# Stanley Odd-Jobs #1



## GoatheadFarms (Feb 24, 2009)

Hi Guys, Do any of you know about the Stanley Odd-Jobs #1? Do you use it? Here is a link to a site that has a picture of it. http://www.toolsnob.com/archives/2008/02/stanley_1_oddjob_1.php 
Interested in your feedback.


----------



## firehawkmph (Apr 26, 2008)

Goat,
This is the only oddjob I remember. Actually, I looked at the tool in the link you left. Seems like a very useful tool if you get yourself use to using all it's different features. Doesn't seem too terribly expensive either. Seems like I just saw that somewhere else recently, maybe one of the wood magazines.
Mike Hawkins


----------



## skymaster (Oct 30, 2006)

:}:} funny you should ask; I just bought one along with the 12" ruler just "cause" LOL havent used it much, looks neat in truth quite heavy, the 6" ruler is 1/16 too long so ya gotta remember that when u use it like a combo square. I MAY get brave enuf to take it to my edge sander and " calibrate " it. I did buy from Garret cause they were on sale last month for about half price.


----------



## GoatheadFarms (Feb 24, 2009)

Does it seem to be quality made, accurate? I will probably get one but was wonderig how useful it was.


----------



## breakfastchef (Jan 14, 2008)

Got one from G. Wade. They had me all hopped up with the versatility of this tool.

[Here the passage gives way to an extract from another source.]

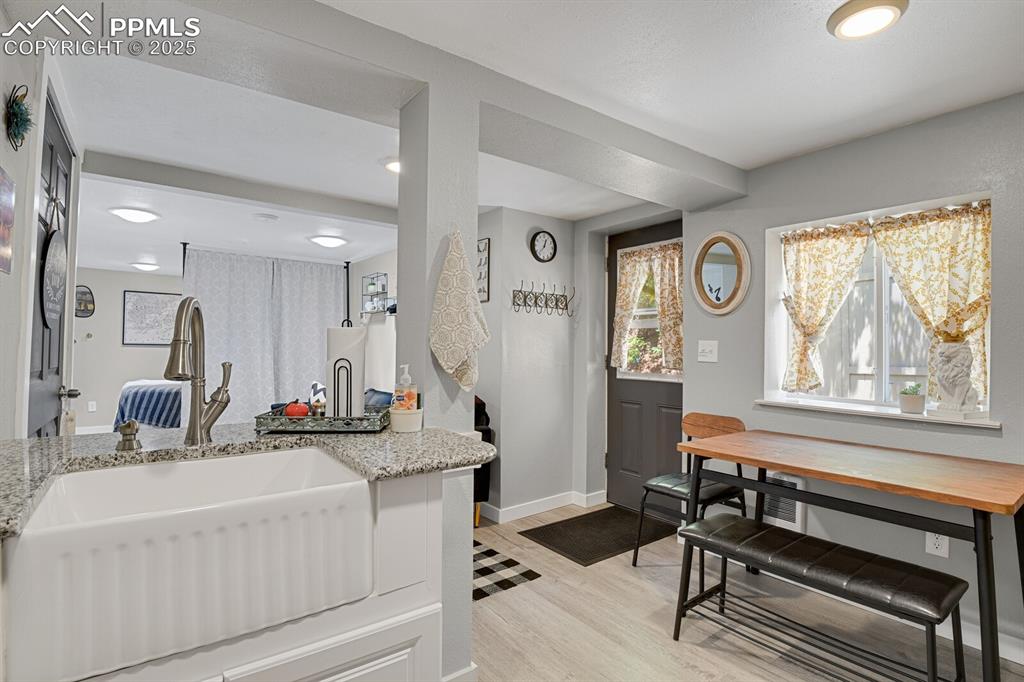 4540 Fountain Avenue Cascade, CO 80809 - Photo 37 of 50 a bathroom with a sink a large mirror and a window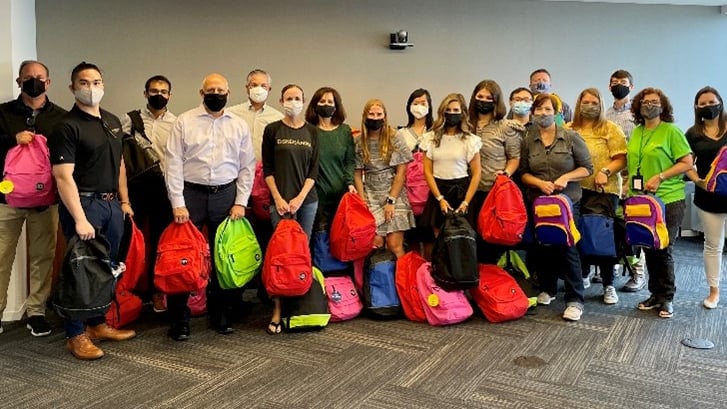 Group with backpacks, wearing masks, standing indoors.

I have never used it, but it is generally well made, love to hold it, but cannot figure out wat it might be useful for.


----------



## skymaster (Oct 30, 2006)

it basically, a combination square. does all the same functions plus it can do circles like a compass. that is what the chrome bar with the point it is for, also the one end of ruler with the half hole,compensates for rod dia and sets up on centerline


----------



## TheRecklessOne (Jul 22, 2008)

HAHA sweet 007 pic...hilarious.


----------



## GoatheadFarms (Feb 24, 2009)

Saw one today at Woodcraft. Not sure if I will buy one at this time. It does look cool, but I have other measureing and marking tools that are adequate. When I get an extra 35 bucks that I cant think of something to spend it on, I will buy one.


----------



## grumpyoldwoodworker (Mar 28, 2009)

Harbor freight sell one for 12 or 14 bucks. Same as my USA one. Harry


----------